#### Data for processing
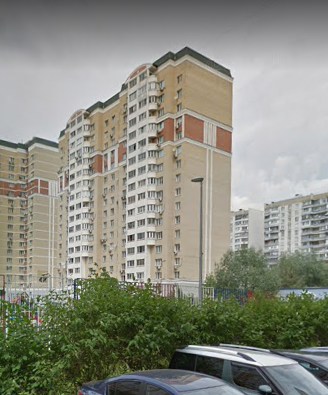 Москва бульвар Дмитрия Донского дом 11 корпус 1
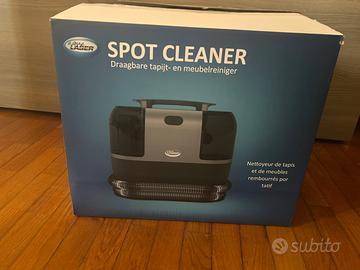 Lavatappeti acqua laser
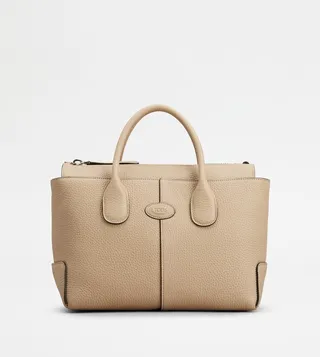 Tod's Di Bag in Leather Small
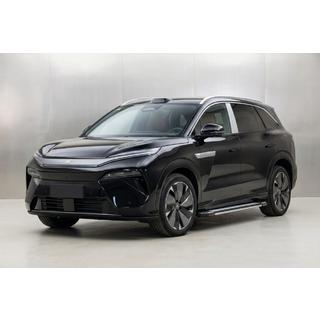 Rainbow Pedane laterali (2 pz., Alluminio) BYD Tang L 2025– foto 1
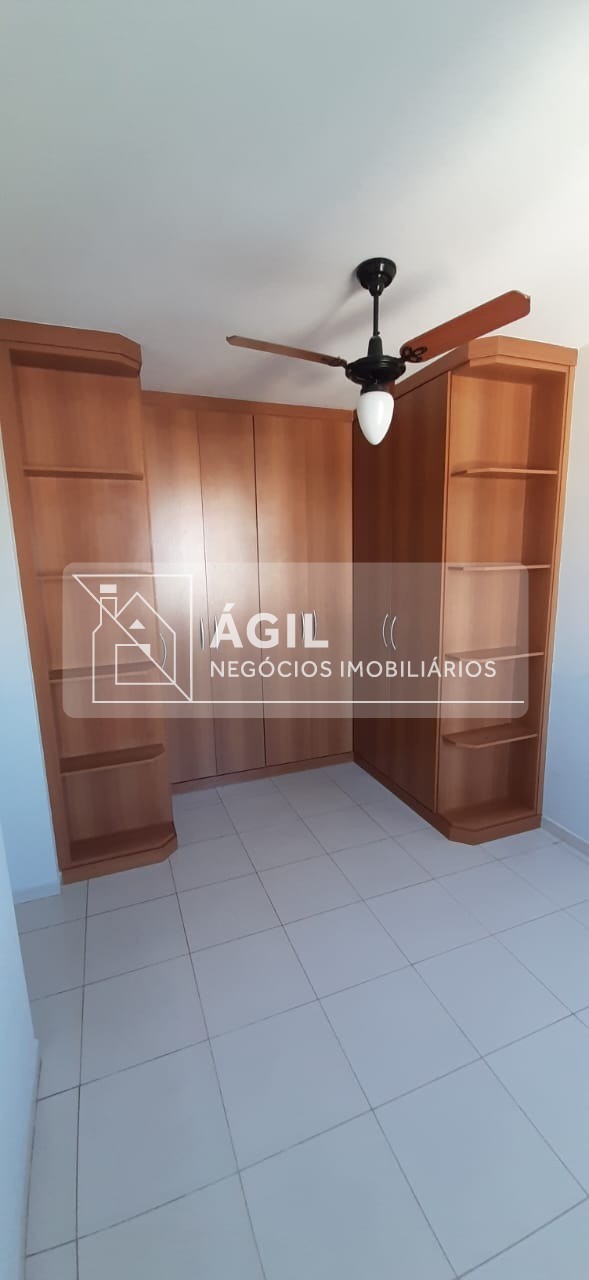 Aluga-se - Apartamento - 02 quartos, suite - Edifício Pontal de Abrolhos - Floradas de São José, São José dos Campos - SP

---

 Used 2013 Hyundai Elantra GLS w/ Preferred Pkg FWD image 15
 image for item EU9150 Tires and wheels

#### What you will do
Print exactly the lines above, between the one holding "Used 2013 Hyundai" and the one holding "image for item EU9150 Tires and wheels", inclusive, and nothing besides.

#### The completed task
 Used 2013 Hyundai Elantra GLS w/ Preferred Pkg FWD image 15
 image for item EU9150 Tires and wheels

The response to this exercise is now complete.